:: ACTIVITY ::
Skip the pictures and copy all the data that follows exactly.
BEGIN DATA SEGMENT
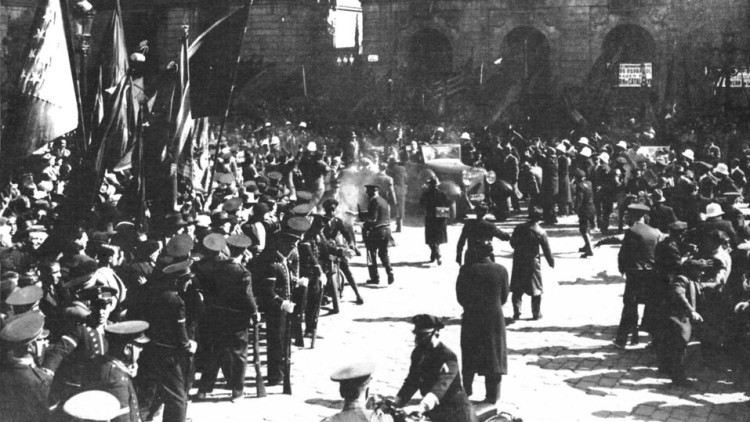 Lluís Companys va arribar a Barcelona després de l'amnistia decretada pel nou govern espanyol. La tornada es va produir l'1 de març del 1936, i el president va ser rebut per una gran multitud ciutadana.
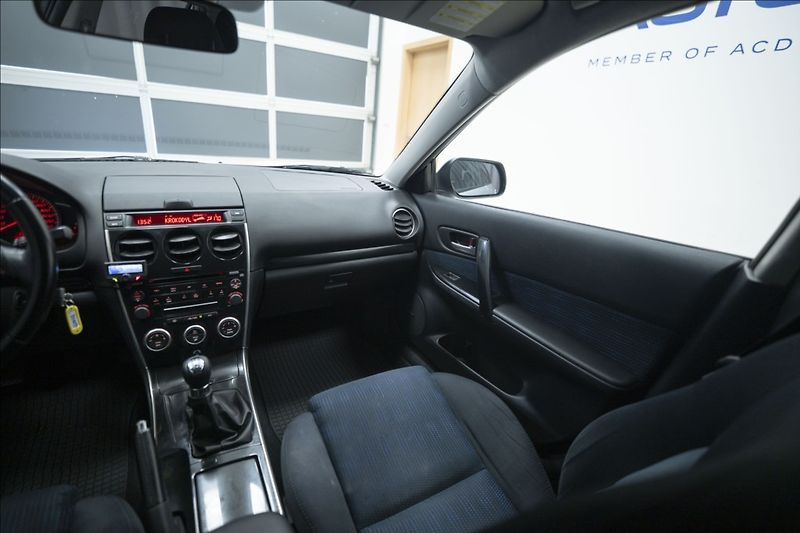 Mazda 6 2,0 i AAC VÝHŘEV BOSE NOVÉ ČR - fotka 15 z 33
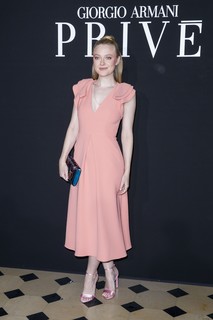Dakota Fanning feet photo thumbnail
END DATA SEGMENT
:: SOLUTION FOR THIS PROBLEM ::
 Lluís Companys va arribar a Barcelona després de l'amnistia decretada pel nou govern espanyol. La tornada es va produir l'1 de març del 1936, i el president va ser rebut per una gran multitud ciutadana.
 Mazda 6 2,0 i AAC VÝHŘEV BOSE NOVÉ ČR - fotka 15 z 33
Dakota Fanning feet photo thumbnail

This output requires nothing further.